• Work to be completed: Copy word for word the lines in the records below, starting at the line with "Essential labs: gastroenterologists" and ending at the line with "So that's the". Skip the pictures.

• Information provided:
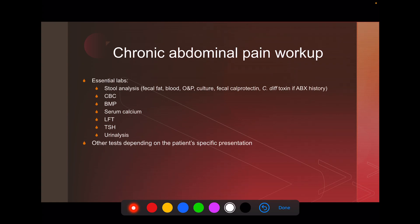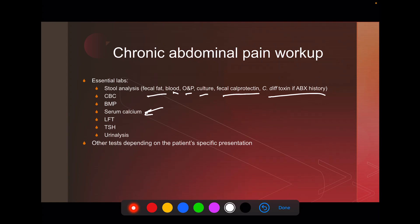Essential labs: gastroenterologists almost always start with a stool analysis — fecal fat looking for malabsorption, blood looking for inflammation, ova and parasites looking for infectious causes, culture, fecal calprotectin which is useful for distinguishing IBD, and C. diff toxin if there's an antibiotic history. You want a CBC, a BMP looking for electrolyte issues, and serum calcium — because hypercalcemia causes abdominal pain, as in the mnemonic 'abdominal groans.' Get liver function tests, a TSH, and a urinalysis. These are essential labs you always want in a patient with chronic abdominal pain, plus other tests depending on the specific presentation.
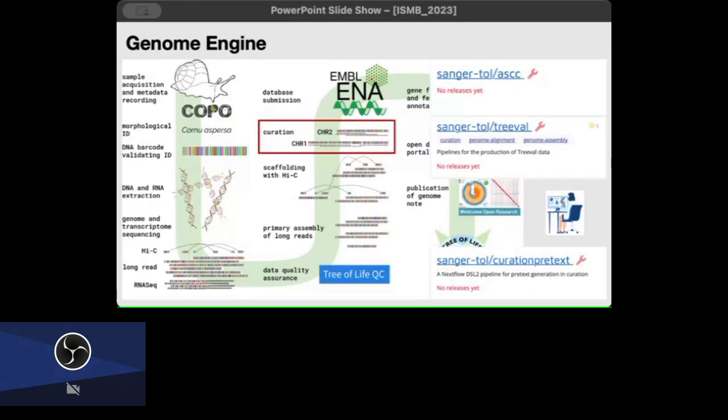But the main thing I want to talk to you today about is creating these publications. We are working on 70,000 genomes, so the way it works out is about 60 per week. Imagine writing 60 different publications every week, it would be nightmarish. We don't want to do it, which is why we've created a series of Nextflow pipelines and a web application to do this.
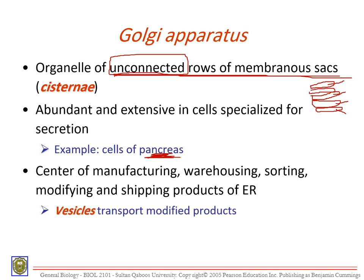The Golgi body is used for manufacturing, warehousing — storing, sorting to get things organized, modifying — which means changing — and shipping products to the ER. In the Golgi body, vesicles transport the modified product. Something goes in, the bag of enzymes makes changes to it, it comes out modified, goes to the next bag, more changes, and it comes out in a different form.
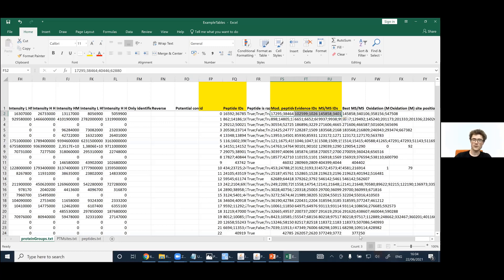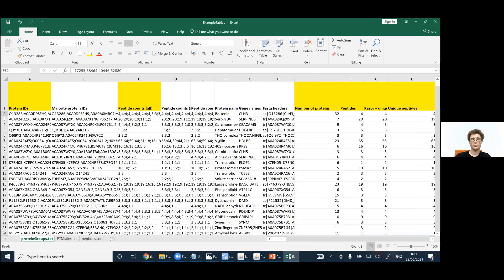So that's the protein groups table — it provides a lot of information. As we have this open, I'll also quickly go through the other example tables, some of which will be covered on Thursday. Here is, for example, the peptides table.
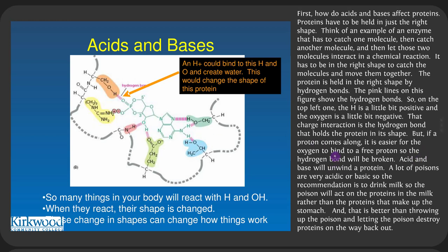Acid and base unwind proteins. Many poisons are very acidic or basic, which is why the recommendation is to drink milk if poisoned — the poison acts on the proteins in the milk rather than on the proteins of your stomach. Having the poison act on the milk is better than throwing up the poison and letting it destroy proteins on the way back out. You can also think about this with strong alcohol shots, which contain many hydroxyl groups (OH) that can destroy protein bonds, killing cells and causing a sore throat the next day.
--
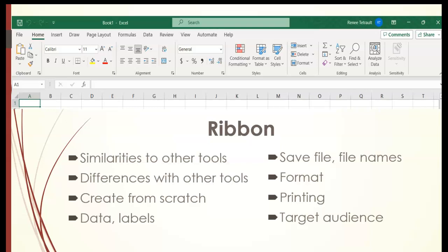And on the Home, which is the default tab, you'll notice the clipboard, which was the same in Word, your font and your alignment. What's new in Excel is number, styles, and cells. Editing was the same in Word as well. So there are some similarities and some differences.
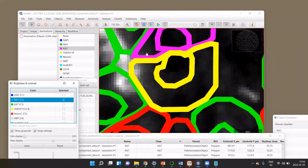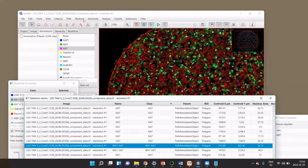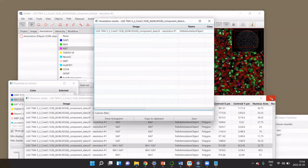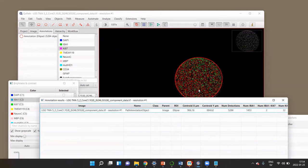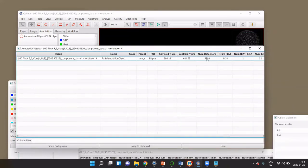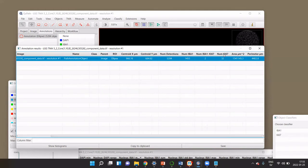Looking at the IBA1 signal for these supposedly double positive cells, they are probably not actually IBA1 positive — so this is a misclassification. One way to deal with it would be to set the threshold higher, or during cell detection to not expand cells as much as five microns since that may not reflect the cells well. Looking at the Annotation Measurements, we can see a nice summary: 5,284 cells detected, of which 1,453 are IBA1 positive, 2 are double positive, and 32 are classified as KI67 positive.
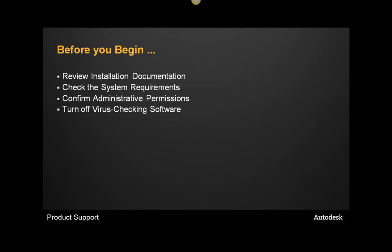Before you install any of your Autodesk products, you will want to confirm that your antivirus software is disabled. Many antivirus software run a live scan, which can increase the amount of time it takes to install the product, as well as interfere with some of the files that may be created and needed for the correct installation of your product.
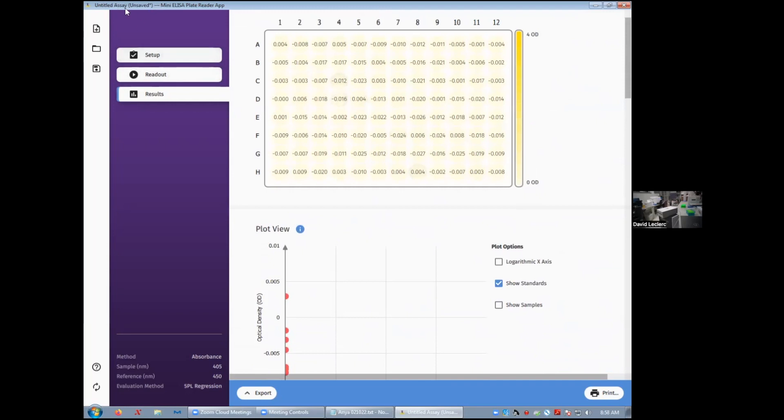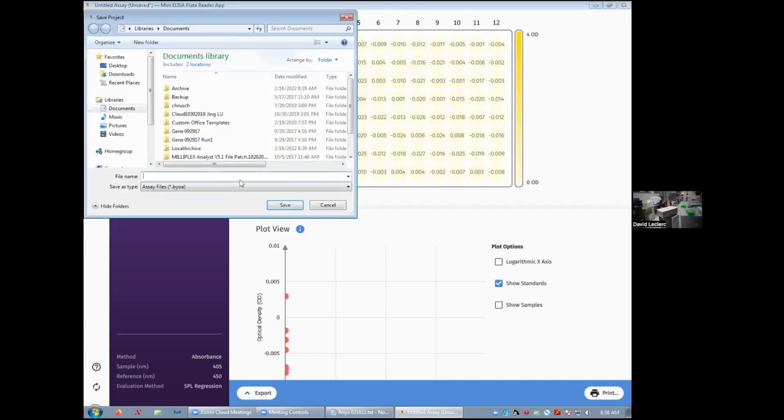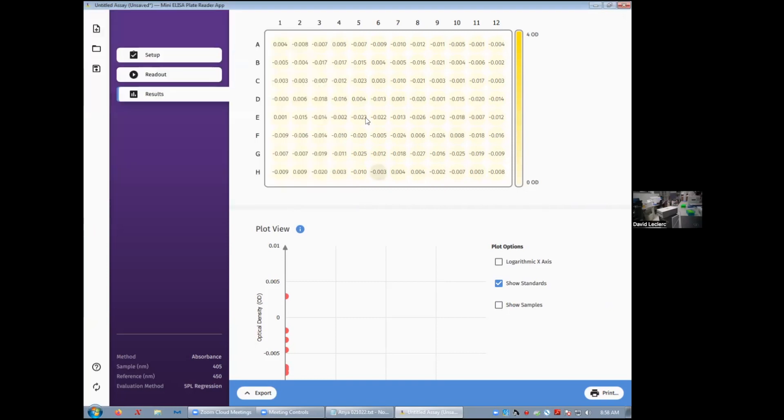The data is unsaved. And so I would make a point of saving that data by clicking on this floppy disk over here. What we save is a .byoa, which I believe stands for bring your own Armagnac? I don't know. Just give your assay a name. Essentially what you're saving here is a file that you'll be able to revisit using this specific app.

• Solution:
Essential labs: gastroenterologists almost always start with a stool analysis — fecal fat looking for malabsorption, blood looking for inflammation, ova and parasites looking for infectious causes, culture, fecal calprotectin which is useful for distinguishing IBD, and C. diff toxin if there's an antibiotic history. You want a CBC, a BMP looking for electrolyte issues, and serum calcium — because hypercalcemia causes abdominal pain, as in the mnemonic 'abdominal groans.' Get liver function tests, a TSH, and a urinalysis. These are essential labs you always want in a patient with chronic abdominal pain, plus other tests depending on the specific presentation.
But the main thing I want to talk to you today about is creating these publications. We are working on 70,000 genomes, so the way it works out is about 60 per week. Imagine writing 60 different publications every week, it would be nightmarish. We don't want to do it, which is why we've created a series of Nextflow pipelines and a web application to do this.
The Golgi body is used for manufacturing, warehousing — storing, sorting to get things organized, modifying — which means changing — and shipping products to the ER. In the Golgi body, vesicles transport the modified product. Something goes in, the bag of enzymes makes changes to it, it comes out modified, goes to the next bag, more changes, and it comes out in a different form.
So that's the protein groups table — it provides a lot of information. As we have this open, I'll also quickly go through the other example tables, some of which will be covered on Thursday. Here is, for example, the peptides table.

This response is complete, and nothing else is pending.